En France, les grands combats menés par Beaumarchais ont permis de reconnaître le droit d’auteur. Victor Hugo est à l’origine de la Convention internationale de Berne qui protège le droit d’auteur dans presque tous les pays du monde. La littérature française en a sans doute bénéficié.
Mais malgré les articles on ne peut plus clairs de la Convention de Berne, la jurisprudence a souvent refusé son bénéfice aux auteurs d’œuvres « utiles ». L’idée était de favoriser l’échange d’idées et la fluidité de l’économie. On n’admet le droit des créateurs économiques que, moyennant des déclarations et le paiement de taxes relativement élevées, par voie de concessions temporaires sans garantie du gouvernement (brevet) ou par voie de marques. Il s’agit d’un droit plutôt réservé aux grandes sociétés. L’ouvrier de base, qui invente très souvent, demeure généralement anonyme.
Le secret, qui devait permettre de protéger les savoir-faire, n’assure plus une protection très efficace du patrimoine technologique à l’ère de la société d’information.
Malgré les progrès accomplis dans les trois dernières décennies, la pensée unique reste hostile au droit des créateurs. Cette hostilité présente trois défauts majeurs pour l’économie :
· - Le patrimoine technologique du pays qui investit n’est pas protégé. Il en résulte une très grande fluidité de l’économie. Le pouvoir financier qui détient la plupart des entreprises nationales a intérêt à les déplacer vers les lieux où la main d’œuvre est moins chère. Cette vacuité du droit est la source principale des délocalisations. Les entreprises étrangères elles-mêmes peuvent utiliser librement ces créations anonymes pour faire concurrence aux pays créateurs sans avoir supporté les coûts de recherche développement.

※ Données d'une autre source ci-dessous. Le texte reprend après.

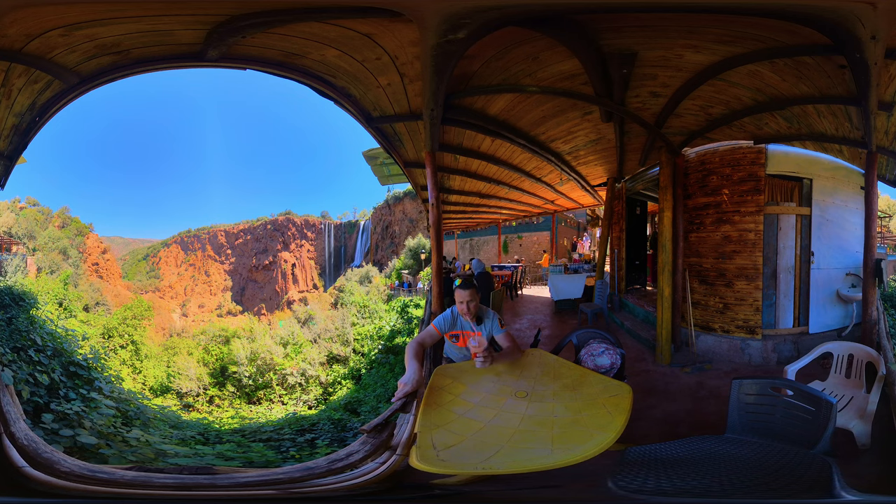This is a very famous attraction for tourists coming to visit from Marrakech or all around Morocco. Welcome back to my channel. My name is Thomas and I would like to take you on a trip around the places here. From Marrakech it took around two and a half hours to get here.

· - Les investissements dans le savoir-faire pour la croissance ne sont pas protégés. C’est la protection juridique qui permet l’amortissement. Faute d’amortissements, il y a très peu d’investissements qui puissent être rentables. Le financement public de la recherche ne parvient pas à compenser cette lacune structurelle ; en outre, les deniers publics investis s’évadent également une fois que le savoir-faire a démontré sa valeur. Les financements privés existent mais ne s’investissent pas. La croissance est ainsi bloquée, malgré la croissance par la loi, et le chômage s’étend.
· — La réalité des richesses est ignorée parce que la plus grande part de celle-ci, la richesse immatérielle, est invisible parce que non reconnue. Les politiques économiques sont difficiles à conduire dans un monde pour l’essentiel inconnu. L’évasion fiscale est considérable. Les inégalités s’accroissent. Alors l’emprise de la mauvaise gouvernance poursuit une extension continue.

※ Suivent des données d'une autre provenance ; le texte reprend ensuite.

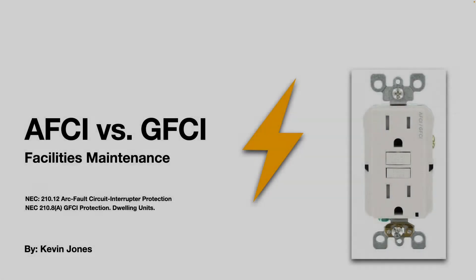Today, we're talking about AFCIs versus GFCIs.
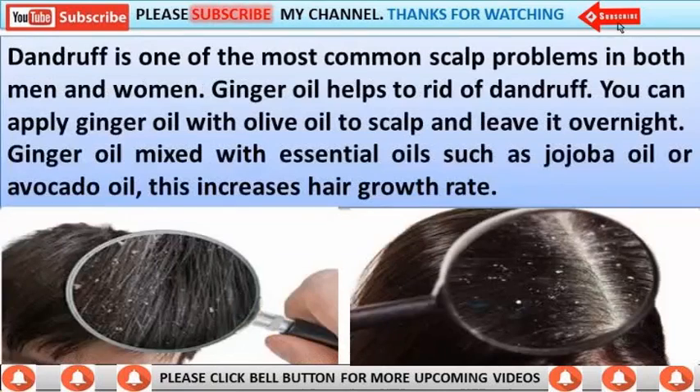Dandruff is one of the most common scalp problems in both men and women. Ginger oil helps to rid dandruff. You can apply ginger oil with olive oil to the scalp and leave it overnight.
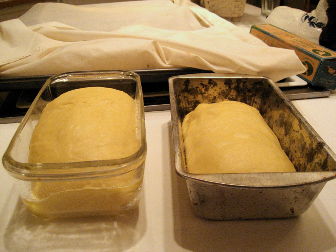Proofing, also called proving or more rarely blooming, as the term is used by bakers, is the final rise of shaped bread dough before baking. It refers to a specific rest period within the more generalized process known as fermentation. Fermentation is a step in creating yeast breads and baked goods where the yeast is allowed to leaven the dough.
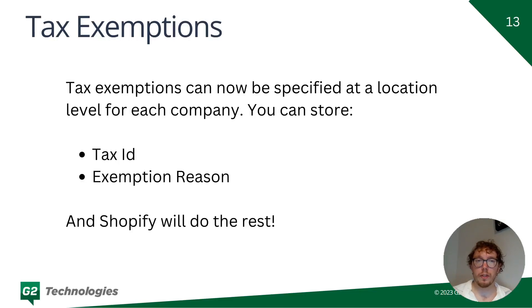Tax exemptions, while not exclusively a B2B feature, have been streamlined significantly. At each location you can store a tax ID and an exemption reason, and Shopify will handle tax exemptions for a given state. Most of the exemption reasons in the US are for resellers — so if you're a California reseller, for example, Shopify will not charge tax in California.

C’est la principale explication de l’échec de la Stratégie lancée en l’an 2000 par les chefs d’Etats et de Gouvernement à Lisbonne (http://www.fenetreeurope.com/php/page.php?section=chroniques&id=1099).

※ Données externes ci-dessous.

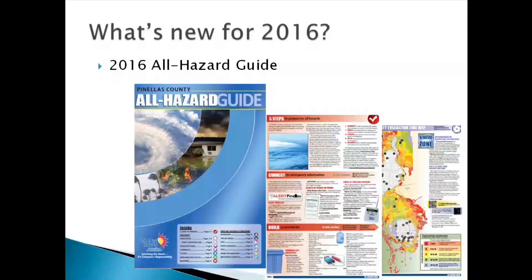So what's new for 2016? One of the first things that's changed this year is our county guide is now a multi-hazard guide, and we've added four pages to address things beyond hurricanes and new technology that didn't exist back in 2004, such as smartphones.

La loi n’est pas seulement une demande ; c’est aussi un facteur de croissance. La loi peut influencer la croissance en étant pro-compétitive ou anti-compétitive ; auxquels cas d’autres profitent des fuites du système déficient (voir le commentaire précédent). Les deux se cumulent malheureusement très bien.
On voit ainsi, à nouveau, l’ampleur des chantiers qu’il appartiendra à M. Montebourg d’ouvrir demain. La France dispose de plusieurs atouts dans ce domaine : elle a joué un rôle important dans la création du droit d’auteur ; plusieurs traités internationaux et européens ouvrent de très larges perspectives ; l’Europe attend depuis sa fondation l’émergence d’un véritable droit de la propriété intellectuelle.